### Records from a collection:
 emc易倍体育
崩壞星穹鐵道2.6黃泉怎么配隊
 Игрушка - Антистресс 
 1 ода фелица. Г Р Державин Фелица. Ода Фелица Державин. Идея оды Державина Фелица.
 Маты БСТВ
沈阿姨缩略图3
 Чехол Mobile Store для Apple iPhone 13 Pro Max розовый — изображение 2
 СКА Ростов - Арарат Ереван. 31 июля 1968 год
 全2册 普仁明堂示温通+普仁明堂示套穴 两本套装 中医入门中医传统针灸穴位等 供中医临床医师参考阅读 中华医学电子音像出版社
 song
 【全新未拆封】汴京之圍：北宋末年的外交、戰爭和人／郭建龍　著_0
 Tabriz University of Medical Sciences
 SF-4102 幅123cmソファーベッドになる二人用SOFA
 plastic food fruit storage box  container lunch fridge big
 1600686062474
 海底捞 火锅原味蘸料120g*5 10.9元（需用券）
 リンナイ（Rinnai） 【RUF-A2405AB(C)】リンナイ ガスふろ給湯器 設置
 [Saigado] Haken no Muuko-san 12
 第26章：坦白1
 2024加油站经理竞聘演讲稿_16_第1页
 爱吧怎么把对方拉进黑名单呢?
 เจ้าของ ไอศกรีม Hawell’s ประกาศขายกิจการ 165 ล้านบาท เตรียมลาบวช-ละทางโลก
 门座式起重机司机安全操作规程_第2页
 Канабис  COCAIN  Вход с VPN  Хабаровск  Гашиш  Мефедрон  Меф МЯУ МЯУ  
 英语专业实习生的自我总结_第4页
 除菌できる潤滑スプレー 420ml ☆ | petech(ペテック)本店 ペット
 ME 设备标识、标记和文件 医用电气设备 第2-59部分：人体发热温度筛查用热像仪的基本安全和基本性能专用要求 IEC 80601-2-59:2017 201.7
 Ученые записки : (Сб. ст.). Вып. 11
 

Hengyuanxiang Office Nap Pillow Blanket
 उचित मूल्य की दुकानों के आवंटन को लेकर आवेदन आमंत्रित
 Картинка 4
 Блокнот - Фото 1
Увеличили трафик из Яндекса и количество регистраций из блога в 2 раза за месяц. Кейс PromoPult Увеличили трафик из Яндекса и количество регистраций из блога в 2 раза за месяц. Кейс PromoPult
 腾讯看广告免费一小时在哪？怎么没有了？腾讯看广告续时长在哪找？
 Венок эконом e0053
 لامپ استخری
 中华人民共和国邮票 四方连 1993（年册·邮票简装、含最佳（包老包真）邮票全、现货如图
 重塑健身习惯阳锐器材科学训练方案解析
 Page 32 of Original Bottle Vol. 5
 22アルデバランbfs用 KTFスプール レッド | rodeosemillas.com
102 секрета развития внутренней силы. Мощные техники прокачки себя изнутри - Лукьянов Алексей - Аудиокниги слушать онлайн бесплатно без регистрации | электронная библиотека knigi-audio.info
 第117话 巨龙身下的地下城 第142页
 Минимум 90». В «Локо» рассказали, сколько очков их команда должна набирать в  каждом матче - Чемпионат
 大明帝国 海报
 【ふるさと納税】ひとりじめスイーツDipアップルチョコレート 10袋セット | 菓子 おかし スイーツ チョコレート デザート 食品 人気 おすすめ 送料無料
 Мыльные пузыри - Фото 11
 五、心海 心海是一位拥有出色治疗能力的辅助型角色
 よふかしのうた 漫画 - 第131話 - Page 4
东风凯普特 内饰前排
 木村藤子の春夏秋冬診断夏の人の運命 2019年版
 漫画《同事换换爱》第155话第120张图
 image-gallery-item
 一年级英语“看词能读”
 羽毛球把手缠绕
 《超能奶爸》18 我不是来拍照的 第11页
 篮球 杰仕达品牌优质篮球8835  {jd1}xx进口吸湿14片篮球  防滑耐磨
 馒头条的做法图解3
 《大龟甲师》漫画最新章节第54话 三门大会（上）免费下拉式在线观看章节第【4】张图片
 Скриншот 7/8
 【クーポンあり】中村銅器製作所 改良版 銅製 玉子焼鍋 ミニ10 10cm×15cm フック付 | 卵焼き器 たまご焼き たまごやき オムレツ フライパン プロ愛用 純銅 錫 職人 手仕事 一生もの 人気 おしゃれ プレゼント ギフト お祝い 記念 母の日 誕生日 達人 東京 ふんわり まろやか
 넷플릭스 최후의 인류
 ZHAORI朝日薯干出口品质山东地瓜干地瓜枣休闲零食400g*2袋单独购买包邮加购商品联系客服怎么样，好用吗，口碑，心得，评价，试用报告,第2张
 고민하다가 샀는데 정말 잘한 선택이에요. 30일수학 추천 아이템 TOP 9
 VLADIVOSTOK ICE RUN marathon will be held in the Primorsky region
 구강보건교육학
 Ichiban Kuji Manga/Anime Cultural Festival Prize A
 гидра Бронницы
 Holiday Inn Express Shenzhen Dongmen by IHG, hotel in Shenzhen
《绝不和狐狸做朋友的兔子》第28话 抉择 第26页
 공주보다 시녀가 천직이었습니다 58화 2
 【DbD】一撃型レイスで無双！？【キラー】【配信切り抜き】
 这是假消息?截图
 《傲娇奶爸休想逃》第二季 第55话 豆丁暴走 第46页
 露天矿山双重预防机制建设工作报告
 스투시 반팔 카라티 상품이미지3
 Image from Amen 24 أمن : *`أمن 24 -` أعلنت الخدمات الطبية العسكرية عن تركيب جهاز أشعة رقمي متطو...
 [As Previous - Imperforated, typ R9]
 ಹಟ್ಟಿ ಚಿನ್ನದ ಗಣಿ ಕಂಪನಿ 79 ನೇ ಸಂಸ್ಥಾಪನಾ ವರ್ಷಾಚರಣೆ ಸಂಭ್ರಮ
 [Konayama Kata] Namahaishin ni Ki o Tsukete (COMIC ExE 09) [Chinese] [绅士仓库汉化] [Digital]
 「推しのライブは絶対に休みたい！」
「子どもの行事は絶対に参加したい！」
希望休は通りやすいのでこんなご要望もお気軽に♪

### What the task requires:
Print, please, the lines above from the very first through the one that holds "СКА Ростов - Арарат Ереван. 31 июля 1968 год", both included, word for word and with nothing else.

### Answer:
 emc易倍体育
崩壞星穹鐵道2.6黃泉怎么配隊
 Игрушка - Антистресс 
 1 ода фелица. Г Р Державин Фелица. Ода Фелица Державин. Идея оды Державина Фелица.
 Маты БСТВ
沈阿姨缩略图3
 Чехол Mobile Store для Apple iPhone 13 Pro Max розовый — изображение 2
 СКА Ростов - Арарат Ереван. 31 июля 1968 год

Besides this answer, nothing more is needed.